Thursday, November 3, 2011

Could Republicans win in the long run by losing the presidency in 2012?

Alex Knepper makes the Republican case for "supporting" President Obama's reelection. Excerpt:

Instead of flailing through a doomed McCain presidency, the Republican Party went through a few years of soul-searching. It has miraculously shaken off the Bush brand and is newly focused on economic liberty and the debt crisis — and that’s just in a few years’ time. If, say, Herman Cain is nominated and loses to Obama, it could possibly serve as the wake-up call that the party base needs to discipline itself, setting up a candidate like Chris Christie to easily walk to victory in 2016. (Worse, if Herman Cain wins, we will fail in our goals of addressing the debt crisis and rolling back left-wing policies. He is awful at public relations management and has not proven himself as a political leader.)

Moreover, it’s not as if — despite his oft-stated wishes — Obama can single-handedly enact harmful policies.
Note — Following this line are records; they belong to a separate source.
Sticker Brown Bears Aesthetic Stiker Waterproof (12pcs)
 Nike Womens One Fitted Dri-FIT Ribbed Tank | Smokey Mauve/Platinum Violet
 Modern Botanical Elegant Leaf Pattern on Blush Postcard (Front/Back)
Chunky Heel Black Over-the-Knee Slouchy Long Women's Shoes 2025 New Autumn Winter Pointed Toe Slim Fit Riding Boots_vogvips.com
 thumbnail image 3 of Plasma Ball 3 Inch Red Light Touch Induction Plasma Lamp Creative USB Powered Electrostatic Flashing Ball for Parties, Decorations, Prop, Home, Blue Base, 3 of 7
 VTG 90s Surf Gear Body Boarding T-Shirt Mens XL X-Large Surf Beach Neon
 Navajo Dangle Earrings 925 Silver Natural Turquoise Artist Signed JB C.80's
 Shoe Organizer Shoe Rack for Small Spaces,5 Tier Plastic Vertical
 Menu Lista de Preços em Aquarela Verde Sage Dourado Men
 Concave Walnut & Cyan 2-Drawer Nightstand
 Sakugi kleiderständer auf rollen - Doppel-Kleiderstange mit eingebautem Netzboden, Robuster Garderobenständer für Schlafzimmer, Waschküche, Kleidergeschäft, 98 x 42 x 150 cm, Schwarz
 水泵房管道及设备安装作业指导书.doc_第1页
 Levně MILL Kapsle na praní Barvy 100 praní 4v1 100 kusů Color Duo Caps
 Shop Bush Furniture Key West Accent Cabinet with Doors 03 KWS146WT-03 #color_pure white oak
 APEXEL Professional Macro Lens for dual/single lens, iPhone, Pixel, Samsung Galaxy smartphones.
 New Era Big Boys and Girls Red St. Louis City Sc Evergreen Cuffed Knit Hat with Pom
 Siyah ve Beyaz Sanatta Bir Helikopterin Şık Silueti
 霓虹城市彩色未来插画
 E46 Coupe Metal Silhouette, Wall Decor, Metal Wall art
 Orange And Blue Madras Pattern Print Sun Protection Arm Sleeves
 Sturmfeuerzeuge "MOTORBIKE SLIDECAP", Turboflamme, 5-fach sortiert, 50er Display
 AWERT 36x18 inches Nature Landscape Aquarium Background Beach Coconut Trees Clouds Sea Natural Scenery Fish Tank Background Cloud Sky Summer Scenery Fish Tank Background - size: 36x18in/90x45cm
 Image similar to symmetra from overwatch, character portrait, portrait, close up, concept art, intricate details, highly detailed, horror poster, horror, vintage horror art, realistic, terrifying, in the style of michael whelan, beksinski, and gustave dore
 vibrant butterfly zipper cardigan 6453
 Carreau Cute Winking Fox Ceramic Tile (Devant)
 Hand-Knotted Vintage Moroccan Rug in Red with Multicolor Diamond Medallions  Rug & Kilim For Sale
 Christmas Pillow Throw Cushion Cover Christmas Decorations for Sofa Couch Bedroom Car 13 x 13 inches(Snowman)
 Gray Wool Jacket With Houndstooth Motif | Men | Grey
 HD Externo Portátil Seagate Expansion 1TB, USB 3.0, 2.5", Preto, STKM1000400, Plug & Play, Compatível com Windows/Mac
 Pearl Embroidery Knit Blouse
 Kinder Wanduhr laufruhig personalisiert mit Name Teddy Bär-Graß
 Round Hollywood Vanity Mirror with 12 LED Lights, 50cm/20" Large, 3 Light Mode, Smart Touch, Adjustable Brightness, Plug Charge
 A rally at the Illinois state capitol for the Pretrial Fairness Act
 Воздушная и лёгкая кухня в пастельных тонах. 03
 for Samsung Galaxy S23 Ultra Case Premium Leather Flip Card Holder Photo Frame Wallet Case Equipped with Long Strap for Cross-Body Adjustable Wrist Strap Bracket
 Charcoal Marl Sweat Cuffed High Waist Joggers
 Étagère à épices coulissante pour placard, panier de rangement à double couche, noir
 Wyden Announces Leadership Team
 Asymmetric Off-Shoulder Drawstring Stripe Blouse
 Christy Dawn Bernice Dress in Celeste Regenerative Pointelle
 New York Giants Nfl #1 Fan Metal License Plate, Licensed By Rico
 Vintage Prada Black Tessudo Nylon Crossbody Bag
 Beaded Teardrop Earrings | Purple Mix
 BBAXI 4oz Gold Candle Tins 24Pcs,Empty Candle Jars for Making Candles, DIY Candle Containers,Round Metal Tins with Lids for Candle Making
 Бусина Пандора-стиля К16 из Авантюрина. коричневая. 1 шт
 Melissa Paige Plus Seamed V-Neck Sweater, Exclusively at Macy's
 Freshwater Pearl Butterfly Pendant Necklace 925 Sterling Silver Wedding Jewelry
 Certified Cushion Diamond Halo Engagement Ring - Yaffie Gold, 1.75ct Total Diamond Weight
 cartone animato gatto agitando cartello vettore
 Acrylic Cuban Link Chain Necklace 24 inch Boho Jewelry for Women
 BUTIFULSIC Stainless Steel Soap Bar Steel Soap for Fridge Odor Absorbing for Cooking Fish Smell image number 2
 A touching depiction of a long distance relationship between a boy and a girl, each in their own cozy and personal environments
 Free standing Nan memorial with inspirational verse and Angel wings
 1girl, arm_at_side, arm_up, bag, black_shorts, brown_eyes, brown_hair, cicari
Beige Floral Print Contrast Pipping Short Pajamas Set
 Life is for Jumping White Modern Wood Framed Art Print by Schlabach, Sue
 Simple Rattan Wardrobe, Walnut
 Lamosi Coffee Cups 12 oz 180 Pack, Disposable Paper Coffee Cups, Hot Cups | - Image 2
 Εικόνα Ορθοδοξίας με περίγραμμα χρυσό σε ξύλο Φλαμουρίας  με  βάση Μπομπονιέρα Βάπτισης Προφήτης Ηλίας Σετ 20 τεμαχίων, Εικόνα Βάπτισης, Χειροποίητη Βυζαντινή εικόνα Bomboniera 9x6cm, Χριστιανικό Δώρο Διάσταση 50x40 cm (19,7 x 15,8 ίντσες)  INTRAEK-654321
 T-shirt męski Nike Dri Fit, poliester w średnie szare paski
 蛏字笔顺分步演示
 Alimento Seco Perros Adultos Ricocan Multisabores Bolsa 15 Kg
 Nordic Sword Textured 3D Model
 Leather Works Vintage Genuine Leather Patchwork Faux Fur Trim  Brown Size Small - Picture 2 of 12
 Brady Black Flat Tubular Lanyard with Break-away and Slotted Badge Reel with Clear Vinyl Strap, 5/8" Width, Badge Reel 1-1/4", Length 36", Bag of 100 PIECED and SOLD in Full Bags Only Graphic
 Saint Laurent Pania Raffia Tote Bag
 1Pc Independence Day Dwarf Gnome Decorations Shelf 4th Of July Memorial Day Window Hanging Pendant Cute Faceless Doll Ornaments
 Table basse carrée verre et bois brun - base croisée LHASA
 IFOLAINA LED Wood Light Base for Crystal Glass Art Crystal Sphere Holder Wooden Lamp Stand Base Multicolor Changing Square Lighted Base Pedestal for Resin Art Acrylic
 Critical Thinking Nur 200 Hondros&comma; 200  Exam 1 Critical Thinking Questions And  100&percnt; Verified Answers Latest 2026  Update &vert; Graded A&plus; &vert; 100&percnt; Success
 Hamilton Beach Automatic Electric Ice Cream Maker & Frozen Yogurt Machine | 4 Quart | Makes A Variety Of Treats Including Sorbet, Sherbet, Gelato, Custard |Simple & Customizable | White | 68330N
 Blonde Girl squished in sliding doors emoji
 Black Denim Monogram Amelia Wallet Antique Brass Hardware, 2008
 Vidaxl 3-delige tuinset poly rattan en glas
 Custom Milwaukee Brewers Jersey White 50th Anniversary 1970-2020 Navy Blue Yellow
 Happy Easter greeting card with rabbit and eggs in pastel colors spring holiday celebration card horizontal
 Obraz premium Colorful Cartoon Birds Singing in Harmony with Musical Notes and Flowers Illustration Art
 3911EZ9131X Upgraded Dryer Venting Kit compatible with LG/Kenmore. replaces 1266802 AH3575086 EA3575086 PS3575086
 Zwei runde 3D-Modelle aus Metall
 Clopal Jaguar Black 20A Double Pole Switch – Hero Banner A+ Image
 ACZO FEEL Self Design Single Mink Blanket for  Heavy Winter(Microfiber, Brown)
The worst of the Obama era — four years or eight — is over. The Republican House already acts as a buffer on his left-wing dreams, and if we focus on re-taking the Senate, he will be rendered virtually impotent. He is no Bill Clinton: he’s not going to co-opt conservative ideas and spin them into left-wing victories. He’s not smart, savvy, or pragmatic enough to do it — he’d have already done so if he were. He’d simply have a failed second term, setting up a Republican to cruise to victory in 2016 — and the field next time is bound to be better, with people like Christie, Jindal, and possibly Ryan raring to run.

Sometimes, when you lose, you win. We have a competent slate of candidates waiting for us in 2016, should we lose to Obama. Since none of the Republican candidates this year are acceptable, I feel that I have no choice but to support Obama’s re-election and wait for 2016.